> Material to process
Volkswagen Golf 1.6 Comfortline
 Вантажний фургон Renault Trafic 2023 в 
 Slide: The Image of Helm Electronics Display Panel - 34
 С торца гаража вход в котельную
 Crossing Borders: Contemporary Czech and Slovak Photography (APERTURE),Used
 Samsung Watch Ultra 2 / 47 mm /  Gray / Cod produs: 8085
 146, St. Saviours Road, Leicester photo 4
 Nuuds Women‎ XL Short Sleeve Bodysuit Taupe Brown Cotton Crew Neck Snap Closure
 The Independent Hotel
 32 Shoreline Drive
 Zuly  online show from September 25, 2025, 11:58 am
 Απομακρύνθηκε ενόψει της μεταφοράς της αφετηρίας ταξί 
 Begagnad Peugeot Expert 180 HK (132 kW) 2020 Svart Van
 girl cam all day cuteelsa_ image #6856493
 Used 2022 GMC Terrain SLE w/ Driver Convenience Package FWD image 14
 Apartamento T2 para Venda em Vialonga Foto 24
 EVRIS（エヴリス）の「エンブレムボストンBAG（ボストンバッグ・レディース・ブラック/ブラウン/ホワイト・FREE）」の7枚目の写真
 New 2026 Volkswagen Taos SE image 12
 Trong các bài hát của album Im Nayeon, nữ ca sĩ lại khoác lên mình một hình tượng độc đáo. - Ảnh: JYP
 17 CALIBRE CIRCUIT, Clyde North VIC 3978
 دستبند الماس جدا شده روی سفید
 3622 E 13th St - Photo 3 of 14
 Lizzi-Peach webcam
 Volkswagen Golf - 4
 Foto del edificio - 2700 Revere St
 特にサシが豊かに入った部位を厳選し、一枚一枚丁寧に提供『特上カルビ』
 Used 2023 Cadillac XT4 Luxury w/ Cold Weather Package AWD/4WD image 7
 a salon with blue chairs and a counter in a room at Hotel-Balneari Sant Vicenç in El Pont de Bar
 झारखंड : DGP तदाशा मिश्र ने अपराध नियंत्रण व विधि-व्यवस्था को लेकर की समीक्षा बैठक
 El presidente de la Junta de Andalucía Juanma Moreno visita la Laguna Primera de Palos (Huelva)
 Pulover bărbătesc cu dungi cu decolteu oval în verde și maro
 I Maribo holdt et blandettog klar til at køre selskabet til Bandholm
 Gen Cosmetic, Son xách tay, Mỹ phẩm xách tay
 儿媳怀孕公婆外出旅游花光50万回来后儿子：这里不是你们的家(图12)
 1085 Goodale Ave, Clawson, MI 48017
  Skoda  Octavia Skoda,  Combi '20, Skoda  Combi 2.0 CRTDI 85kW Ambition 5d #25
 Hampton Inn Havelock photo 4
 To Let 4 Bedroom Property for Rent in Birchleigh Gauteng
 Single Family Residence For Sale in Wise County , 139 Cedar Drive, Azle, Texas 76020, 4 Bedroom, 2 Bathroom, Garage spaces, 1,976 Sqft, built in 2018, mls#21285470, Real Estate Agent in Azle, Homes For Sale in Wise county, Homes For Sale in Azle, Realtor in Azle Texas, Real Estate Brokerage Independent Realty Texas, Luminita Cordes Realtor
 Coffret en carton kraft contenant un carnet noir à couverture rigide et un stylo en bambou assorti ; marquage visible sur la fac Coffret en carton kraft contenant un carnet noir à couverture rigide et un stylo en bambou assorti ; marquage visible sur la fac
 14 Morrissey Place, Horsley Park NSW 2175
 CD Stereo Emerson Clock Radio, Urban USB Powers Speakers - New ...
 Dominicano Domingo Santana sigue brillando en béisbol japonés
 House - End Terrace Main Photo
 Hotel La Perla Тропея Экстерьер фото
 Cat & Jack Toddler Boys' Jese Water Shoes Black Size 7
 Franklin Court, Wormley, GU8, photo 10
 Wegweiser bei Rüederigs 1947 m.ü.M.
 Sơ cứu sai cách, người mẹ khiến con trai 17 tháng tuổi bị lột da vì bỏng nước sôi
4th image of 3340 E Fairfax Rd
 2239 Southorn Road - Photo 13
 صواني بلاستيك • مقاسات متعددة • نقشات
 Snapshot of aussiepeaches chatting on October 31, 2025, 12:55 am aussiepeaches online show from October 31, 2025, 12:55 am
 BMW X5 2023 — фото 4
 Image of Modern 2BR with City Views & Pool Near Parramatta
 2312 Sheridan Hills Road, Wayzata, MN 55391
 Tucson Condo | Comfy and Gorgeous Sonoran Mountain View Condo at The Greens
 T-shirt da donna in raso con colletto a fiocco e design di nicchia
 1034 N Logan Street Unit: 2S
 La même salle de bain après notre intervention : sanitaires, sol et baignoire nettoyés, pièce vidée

> Work instruction
Only a number is wanted here: how many lines of the records above include the string "online"?

> Output
2